Richard Herring – What Is Love Anyway? Review

November 17, 2011 9:41 am

Owain Paciuszko

Arts

no comments

Rating: ★★★★★

Richard Herring’s parents met when they were 13 years old and have been together ever since, it was because of this the young Richard Herring strongly believed in love, the kind of love where you are destined to meet one person who will be the love of your life and you will stay with them forever.

However, life soon proved this to be somewhat untrue and, a string of failed relationships later, Richard Herring ponders the show’s titular question and sets out to ‘destroy love’. Of course, Herring is looking back upon this from a perspective of current romantic happiness, he’s been in a relationship for four years and all’s going well, aside from his annual Ferrero Rocher shopping, but more on that later. This show also spring-boarded from a concept Herring posed towards the end of his last show – a second-coming revival of Christ On A Bike – where he compared a belief in love to a belief in God, both are essentially imaginary made up things that nobody can really prove exists beyond people saying they ‘strongly feel that they are real’, and it struck Herring as strange that his audience who, for the most part, thoroughly enjoyed laughing at people’s faith in a mystical bearded deity but when it came to poking fun at the idea of love and, indeed, the idea of love being just as hokey as, say, Christianity, the audience became quiet and a little uncomfortable. It’s love, right, love’s definitely real?

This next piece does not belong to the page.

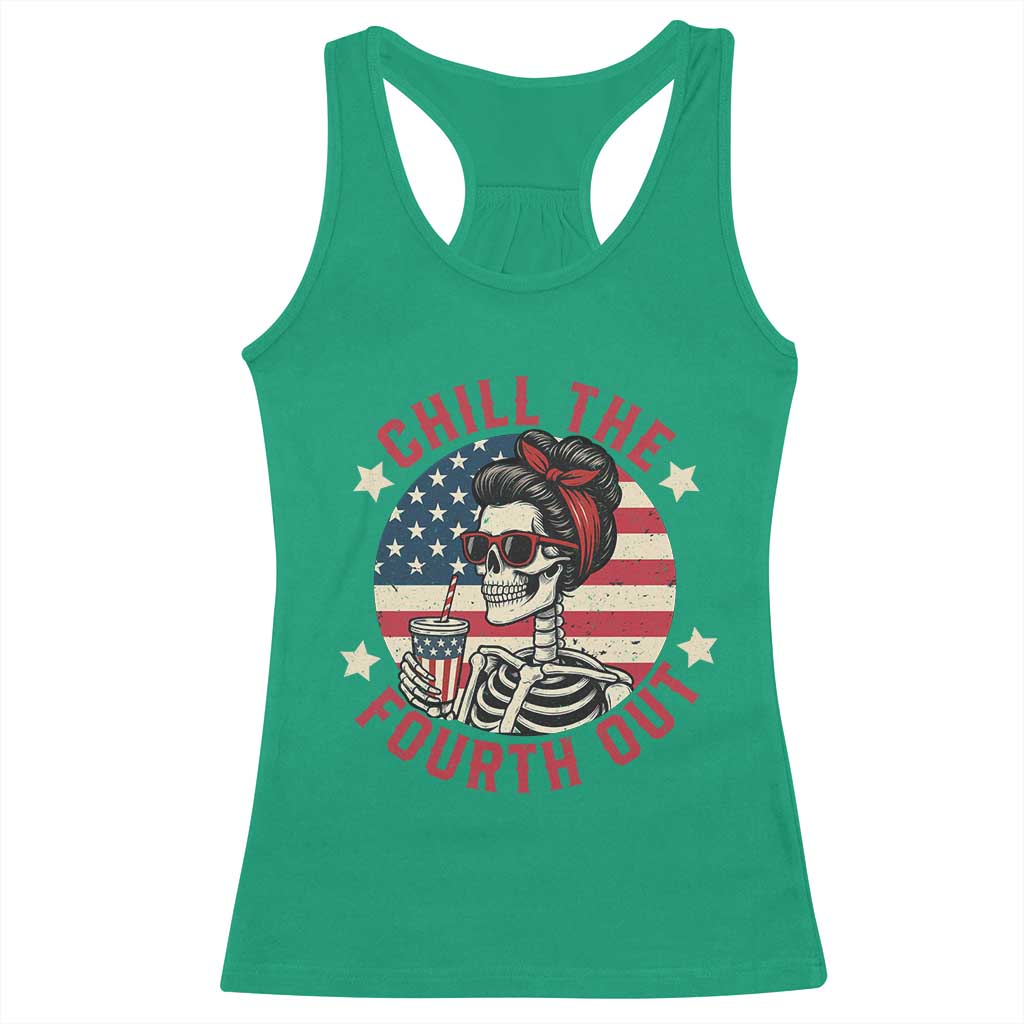 Retro Skeleton 4th of July Racerback Tank Top Chill The Fourth Out Funny Patriotic American Flag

Here Herring delves deeply into his personal life and family history in such a disarmingly honest and confessional way that there are moments of startlingly awkward honesty and profound reflection that you feel you’ve been invited to eavesdrop on a very intimate discussion, as Herring dismantles and analyses his past relationships and his own perspective on relationships there’s much that is utterly relatable and seemingly often unsaid. His reading, and criticism, of a poem he wrote called ‘Tom’s Life’ about a young guy he met whilst camping who lost his virginity aged 14 and was currently bedding a string of girls is a funny look at Herring’s then high and mighty ideals of what love was, and Herring is the first to indicate that perhaps young Herring was actually wishing he had Tom’s life; which, to be fair, years later he did.

These insights and anecdotes are a familiar part of Herring’s act, but here he has perfected the art, with a dissection of the questionable Valentine’s card that brought his parents together and a perfectly uncomfortable and hilarious account of his relationship with the actress Julia Sawala (which was foreshadowed by a perhaps unhealthy obsession with the show Press Gang and then a sketch of Stewart Lee and Richard Herring’s cult BBC2 series Fist Of Fun in which Herring had a shrine to Sawala).

It’s not all about Herring’s failings in romance, a masterful set-piece based around the aforementioned Ferrero Rocher combines many of Herring’s comedic strengths, such as drawing things out to an anally logical conclusion and a taste for school-boyish puerility matched with obsessive listing (here mathematical multiples as opposed to Christ On A Bike’s impressive recitation of the ‘begats’), whilst a closing routine based around his grandmother starting to date again at 80 years old is both heartfelt, bittersweet, beautifully sad and uplifting and also very, very funny and a perfect way to close the show.

Of the four stand-up shows of Herring’s I’ve seen this is by far the finest, moreso than any of the others it takes a universal theme and explores it in a way that is both deeply personal and completely accessible, though Herring’s stories about his – and his families – relationships are completely autobiographical there is so much that is, often worryingly, relatable and at times you feel like you’re up on stage confessing your heart out as much as Herring is. Whilst this perspective may make the performance sound perhaps somewhat serious, and the questions at the heart of Herring’s work often are which is part of their appeal, it is also one of the funniest, silliest and most joyful stand-up shows I have ever seen.